Da mesi ormai si sente sempre più spesso parlare di dazi, soprattutto a causa dei molti annunci in merito fatti dal presidente degli Stati Uniti Donald Trump. Sono uno strumento che fino a qualche anno fa gli economisti ritenevano superato, la loro efficacia era stata messa in dubbio sia dalla teoria economica, che aveva provato la loro natura distorsiva e controproducente, sia dai benefici di decenni di globalizzazione e libero scambio. I dazi sono un’imposta che si applica sulle merci in arrivo da un Paese straniero. Si esprimono in valore percentuale del prezzo di vendita e di solito ricadono concretamente sull’importatore, che li paga alla dogana del Paese di ingresso.
L’idea di fondo di un dazio è che rendendo relativamente più cara la merce straniera, i consumatori sceglieranno di comprare merce nazionale. Lo scopo degli Stati Uniti infatti, è quello di attirare la produzione sul proprio territorio, dopo decenni in cui i costi più competitivi hanno esteso le catene di approvvigionamento in tutto il mondo.
L’efficacia di un dazio dipende dal tipo di prodotto e dall’interesse che suscita sul mercato: tanto più esso è necessario e desiderato, tanto più i consumatori dovranno o vorranno comprarlo lo stesso, sopportando anche il sovrapprezzo del dazio.

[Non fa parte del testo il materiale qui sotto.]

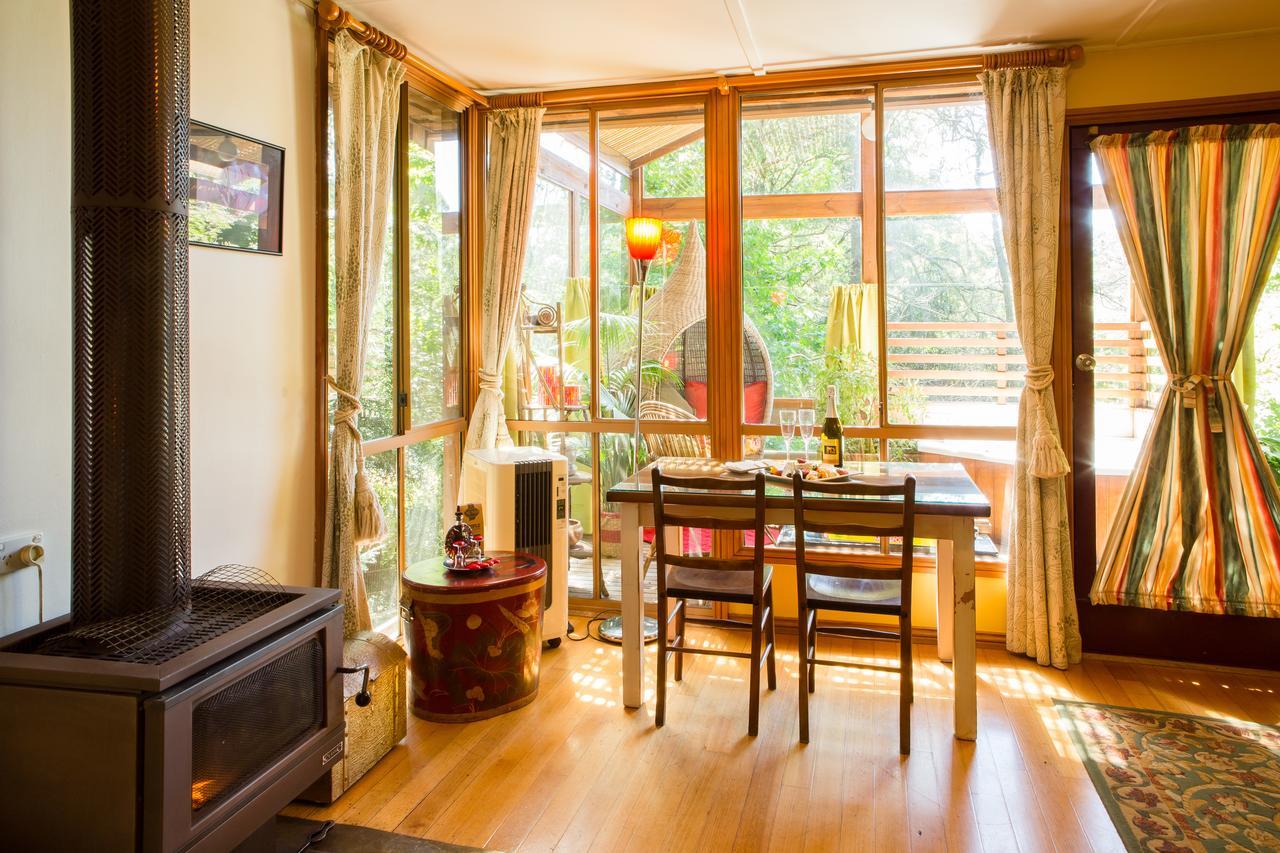 Arcadia Cottages 올린다 외부 사진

Donald Trump, ha imposto dazi a Canada, Messico e Cina segnando l’inizio di una nuova “guerra commerciale” che potrebbe avere un forte impatto non solo sull’economia dei Paesi coinvolti, ma anche su scala globale. Canada e Messico hanno già annunciato che risponderanno con l’imposizione di propri dazi nei confronti degli Stati Uniti.

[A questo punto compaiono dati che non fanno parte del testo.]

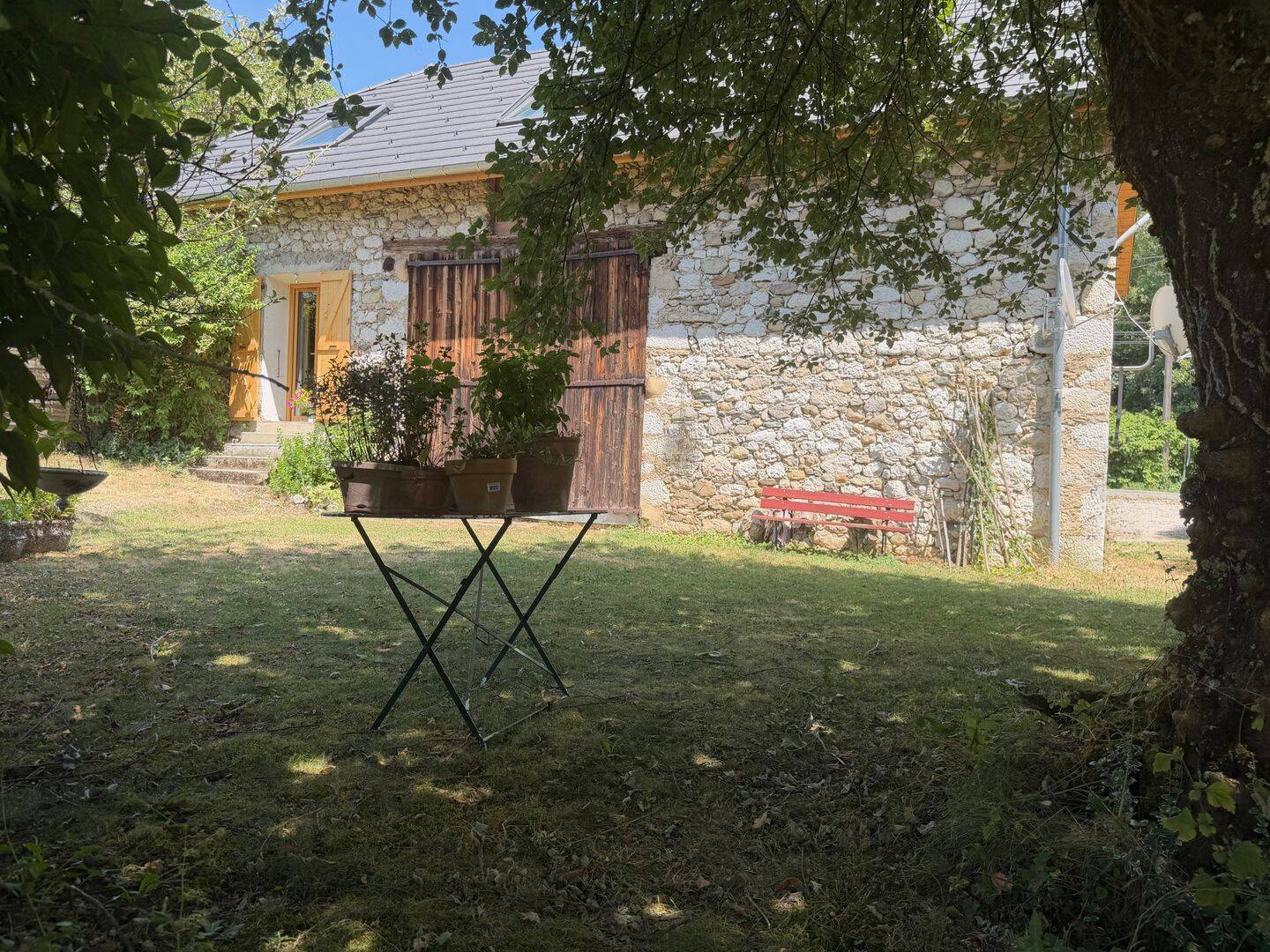 Maison 4 pièces 106 m² · à La Bauche · 105,5 m² · 259 000 €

Trump ha imposto i dazi con la firma di tre ordini esecutivi: due fissano imposte al 25 % sulll’importazione di tutti i beni provenienti da Canada e Messico, mentre un altro indica dazi al 10% per la Cina. Nell’ordine esecutivo che riguarda il Canada è stata introdotta un’eccezione con dazi al 10% sul settore energetico e in particolare su alcune tipologie di idrocarburi, che servono agli Stati Uniti per miscelarli con i propri per la produzione dei carburanti.

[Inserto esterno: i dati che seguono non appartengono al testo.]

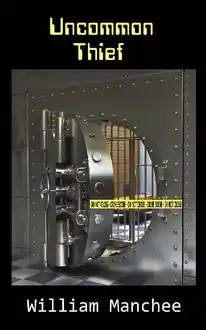 Cover of Uncommon Thief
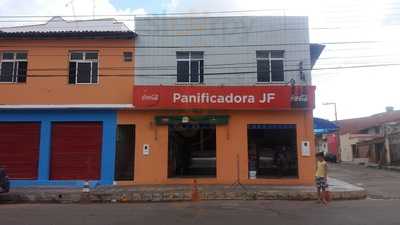 Panificadora Jf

Justin Trudeau, il primo ministro canadese ha risposto alla decisione di Trump annunciando a sua volta dazi al 25% nei confronti di molti prodotti statunitensi.
In un discorso alla nazione, Trudeau ha detto che non avrebbe voluto trovarsi in una situazione di questo tipo e ha ricordato che la guerra commerciale voluta da Trump sarà un danno per tutti, compresi gli Stati Uniti.
Una risposta è stata data anche dalla presidente del Messico, Sheinbaum, la quale ha comunicato che nei prossimi giorni saranno introdotti dazi nei confronti dei prodotti statunitensi, ma non ha fornito molti dettagli.
Anche la Cina ha replicato tramite il ministro dell’economia, il quale ha riferito che farà ricorso contro la decisione di Trump all’Organizzazione mondiale del commercio (WTO, nell’acronimo in inglese) I dazi imposti da Trump sono tra i più alti nella storia recente nei confronti di Paesi che fanno regolarmente affari con gli Stati Uniti. Un terzo di tutti i beni importati dall’estero negli Stati Uniti proviene da Canada, Messico e Cina, in particolare i prodotti dei settori dell’auto, dei farmaci e dell’elettronica.
Anche per l’Italia l’introduzione di nuovi dazi al 25% sulle vendite agroalimentari Made in Italy negli States potrebbe comportare per i consumatori americani un sovraccarico fino a 2 miliardi di euro. Inoltre ,nelle aziende italiane, la guerra tariffaria potrebbe ripercuotersi sull’occupazione, con una riduzione di oltre sessantamila posti di lavoro ogni anno.
Donald Trump ha insistito sul fatto che questi dazi non aumenteranno i prezzi per i consumatori americani e che se qualcuno ne pagherà il costo, saranno i Paesi stranieri.
I dazi imposti da Donald Trump hanno quindi avuto un impatto forte sia sull’economia americana che sui rapporti con altri Paesi. L’obiettivo era proteggere le aziende e i lavoratori statunitensi, ma le conseguenze sono state molto più complesse del previsto: aumenti dei prezzi, tensioni commerciali e reazioni da parte di altri governi.
È difficile dire se sia stata una scelta giusta o sbagliata, ma sicuramente ha sconvolto gli equilibri del commercio internazionale. E forse, anche il modo in cui gli Stati Uniti si muoveranno in futuro.